● **TASK REQUIREMENTS**
In the material below, find the line with "Deep Red Floral" and the line with "Experience Sophisticated Coastal". Output exactly those two lines and all lines between them, leaving out pictures.

● **DATASET EXTRACT**
- - -

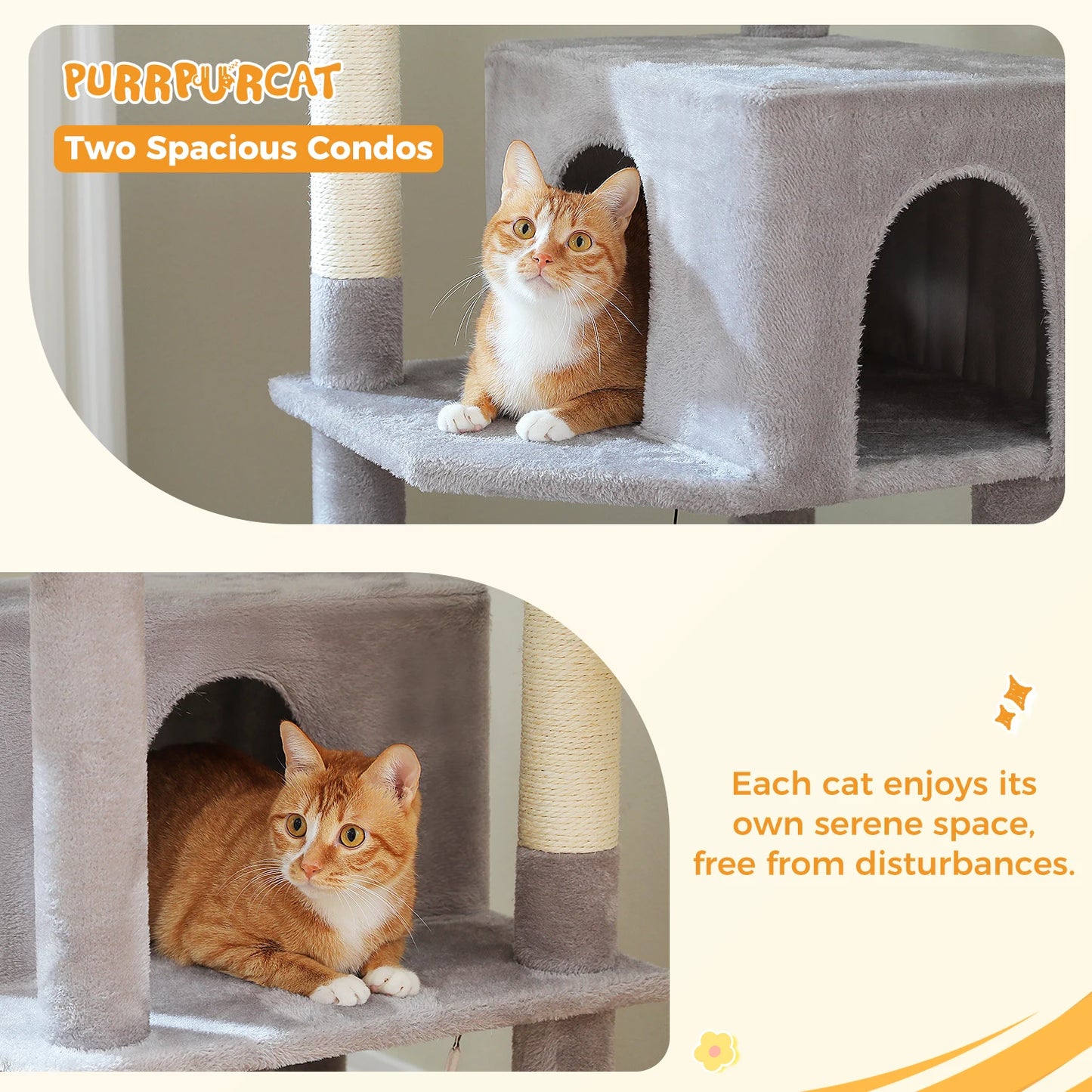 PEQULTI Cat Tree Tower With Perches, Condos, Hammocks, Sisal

- - -

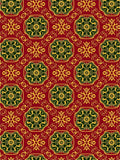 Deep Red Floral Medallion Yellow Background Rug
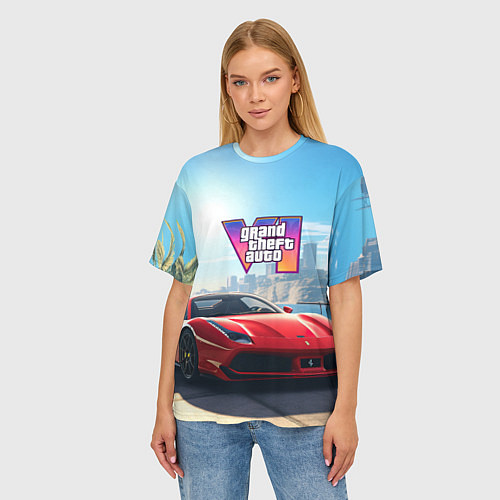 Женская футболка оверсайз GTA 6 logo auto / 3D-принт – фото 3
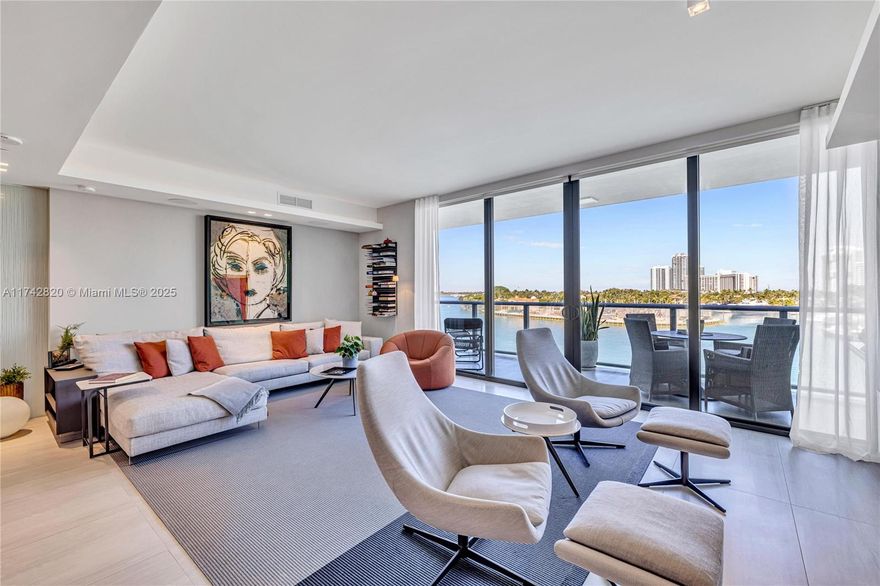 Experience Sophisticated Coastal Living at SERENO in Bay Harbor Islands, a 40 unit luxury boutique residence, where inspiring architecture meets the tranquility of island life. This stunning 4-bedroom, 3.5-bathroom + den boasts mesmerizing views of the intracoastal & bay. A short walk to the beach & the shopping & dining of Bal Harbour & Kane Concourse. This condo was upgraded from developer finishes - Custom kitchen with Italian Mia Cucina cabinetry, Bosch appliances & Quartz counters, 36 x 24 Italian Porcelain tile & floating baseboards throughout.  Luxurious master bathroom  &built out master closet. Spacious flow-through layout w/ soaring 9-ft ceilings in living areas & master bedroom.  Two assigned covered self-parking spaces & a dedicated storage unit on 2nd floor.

- - -

● **SOLUTION TO THIS TASK**
 Deep Red Floral Medallion Yellow Background Rug
 Женская футболка оверсайз GTA 6 logo auto / 3D-принт – фото 3
 Experience Sophisticated Coastal Living at SERENO in Bay Harbor Islands, a 40 unit luxury boutique residence, where inspiring architecture meets the tranquility of island life. This stunning 4-bedroom, 3.5-bathroom + den boasts mesmerizing views of the intracoastal & bay. A short walk to the beach & the shopping & dining of Bal Harbour & Kane Concourse. This condo was upgraded from developer finishes - Custom kitchen with Italian Mia Cucina cabinetry, Bosch appliances & Quartz counters, 36 x 24 Italian Porcelain tile & floating baseboards throughout.  Luxurious master bathroom  &built out master closet. Spacious flow-through layout w/ soaring 9-ft ceilings in living areas & master bedroom.  Two assigned covered self-parking spaces & a dedicated storage unit on 2nd floor.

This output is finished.